Harlem Shuffle (2021)
Whitehead’s latest book, just released in September, is a sweeping crime epic that’s already heralded as one of Whitehead’s greatest works, debuting at #3 on the New York Times Bestseller List.
The book follows Ray Carney, who lives an upstanding, straightforward life as a furniture salesman in Manhattan with his wife, Elizabeth. While Carney’s family was heavily involved in crime, he has resolved to live a decent life, only hustling as a fence for stolen goods to expand his own showroom. But when his cousin, Freddie, volunteers Carney as a fence for a heist that goes terribly wrong, Carney is drawn into the world of crime he’s mostly steered clear of, and must reconcile the criminal, devoted husband, and businessman sides of himself.

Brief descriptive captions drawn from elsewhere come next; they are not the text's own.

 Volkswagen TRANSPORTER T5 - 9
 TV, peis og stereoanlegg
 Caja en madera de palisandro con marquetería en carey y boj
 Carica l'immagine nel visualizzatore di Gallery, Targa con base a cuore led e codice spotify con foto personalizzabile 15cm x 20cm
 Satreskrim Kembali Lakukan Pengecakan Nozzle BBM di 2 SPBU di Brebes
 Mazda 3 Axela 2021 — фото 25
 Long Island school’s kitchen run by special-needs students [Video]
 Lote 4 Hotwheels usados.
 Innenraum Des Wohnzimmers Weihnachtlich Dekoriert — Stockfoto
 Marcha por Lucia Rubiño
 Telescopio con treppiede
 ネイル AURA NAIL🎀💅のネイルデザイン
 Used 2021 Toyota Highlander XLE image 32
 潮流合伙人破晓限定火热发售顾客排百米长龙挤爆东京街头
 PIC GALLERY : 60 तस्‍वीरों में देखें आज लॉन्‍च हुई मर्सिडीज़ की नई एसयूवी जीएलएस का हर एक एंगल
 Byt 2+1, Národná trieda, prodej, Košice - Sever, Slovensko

Written in small chunks over several years, and finally completed while Whitehead was isolated at home during the COVID-19 pandemic, Harlem Shuffle continues his recurring themes of race, social class, and power. Carney doesn’t really want to be a criminal — he’s just taking the only options he feels he has to rise above his criminal heritage. In relating that experience, Whitehead explained to Vulture that, “I was trying to capture the dynamism of the city. Harlem — before the Great Migration, before the influx of Caribbean immigrants in the ’20s — is a neighborhood of German, Italian, Irish, and Jewish people from all over the Earth. They came to America with nothing, and they entered the middle class and moved away, and then the next group came in. Maybe that’s Black Americans from the South, maybe it’s Black folks from Barbados and the West Indies, like my mom, like my grandmother was. She came through Ellis Island in the ’20s from Barbados. Harlem stays the same, but behind all that, the population in the townhouses, the people who own the streets and the buildings, is always turning. I definitely wanted to capture that. Then, of course, people rise up and down the economic ladder. Carney rises, and the people in Dumas Club have entered into the upper-middle class. It’s precarious because that’s the nature of Black success.”